§ INFORMATION PROVIDED:
------

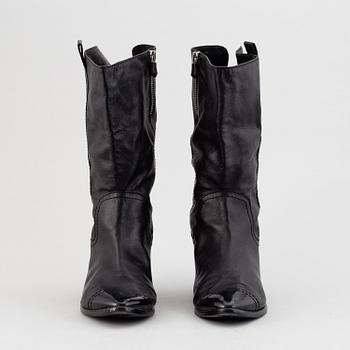 CHANEL, a pair of leather boots, size 40.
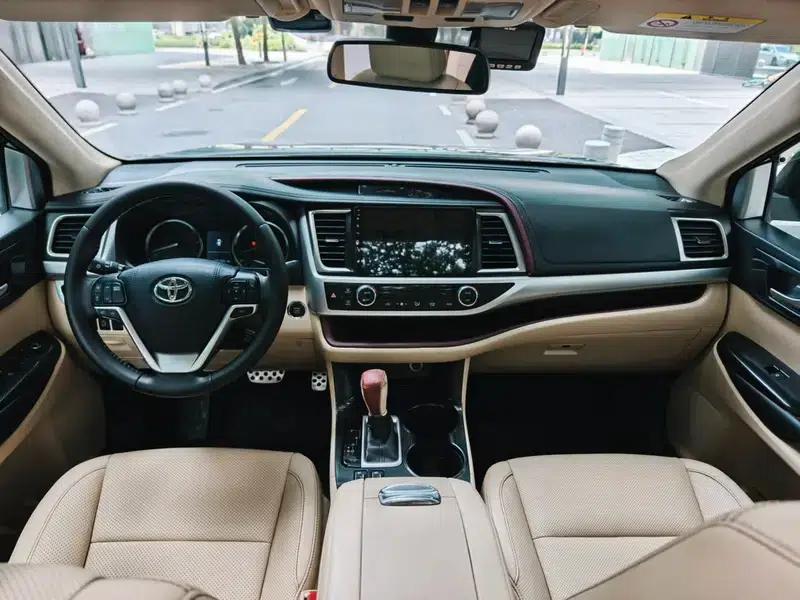 2015 Highlander 2.0T AWD Luxury 7-seater — миниатюра 8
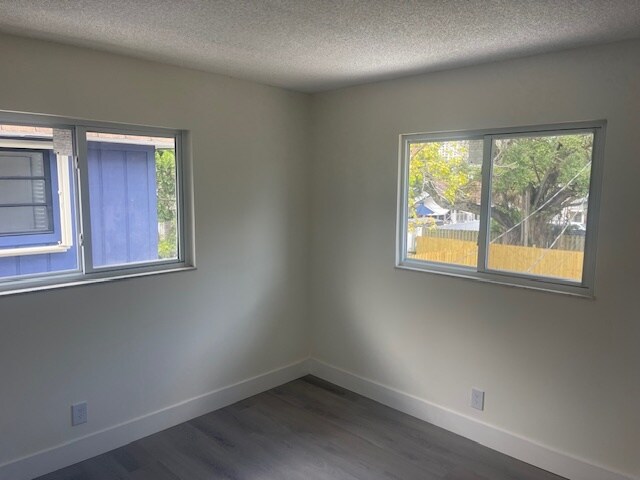 Building Photo - 622 SW 7th Ave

------

§ WHAT IS NEEDED: Each line above must be repeated exactly in the answer, with pictures omitted.

§ ANSWER TO THIS TASK:
 CHANEL, a pair of leather boots, size 40.
 2015 Highlander 2.0T AWD Luxury 7-seater — миниатюра 8
 Building Photo - 622 SW 7th Ave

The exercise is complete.